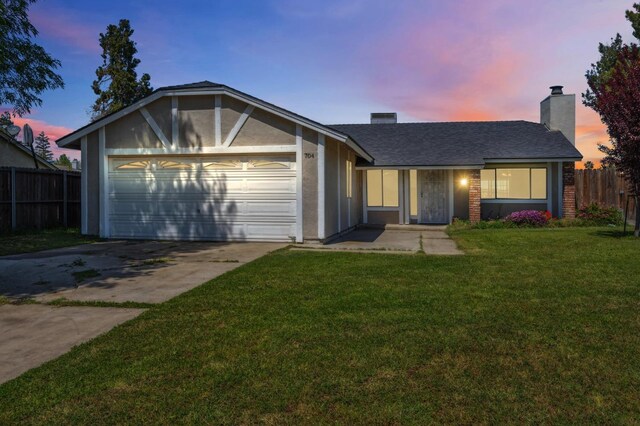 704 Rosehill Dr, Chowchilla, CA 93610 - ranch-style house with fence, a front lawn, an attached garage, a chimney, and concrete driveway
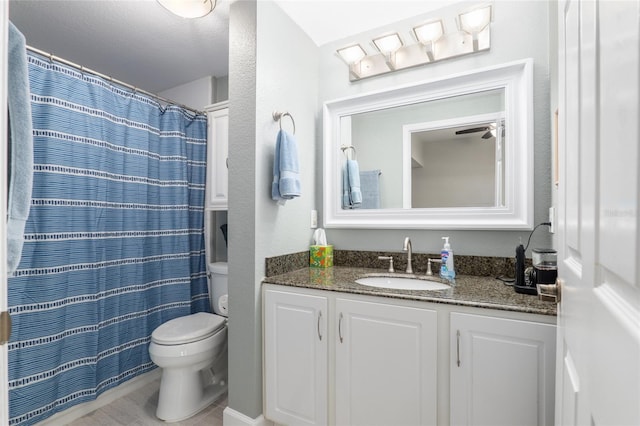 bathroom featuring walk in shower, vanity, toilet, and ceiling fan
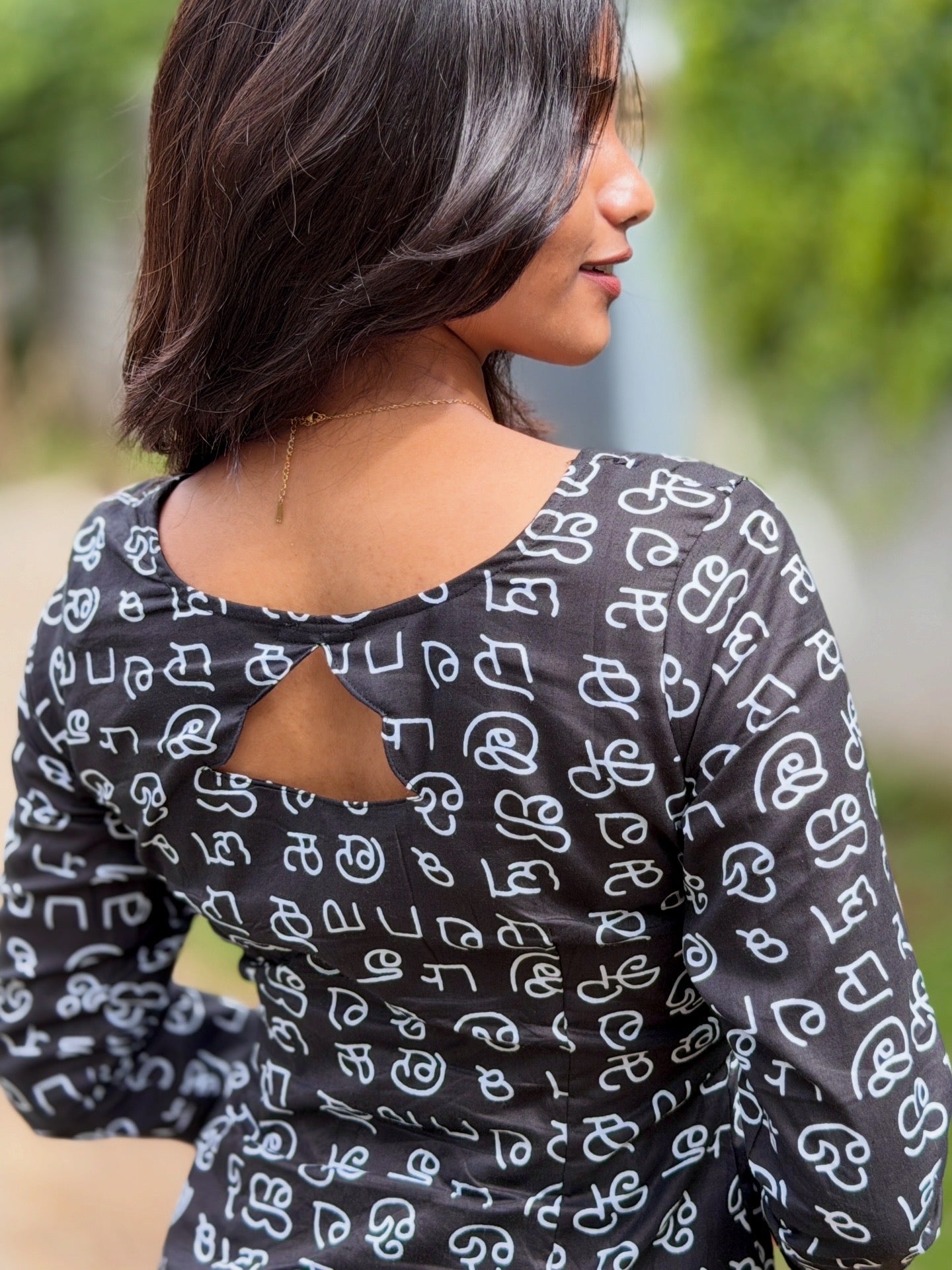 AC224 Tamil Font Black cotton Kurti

━━━━

*Task to complete*: In the listing above, find the line containing "bathroom featuring walk" and restate it and every later line verbatim, with the pictures left out.

*Task result*:
 bathroom featuring walk in shower, vanity, toilet, and ceiling fan
 AC224 Tamil Font Black cotton Kurti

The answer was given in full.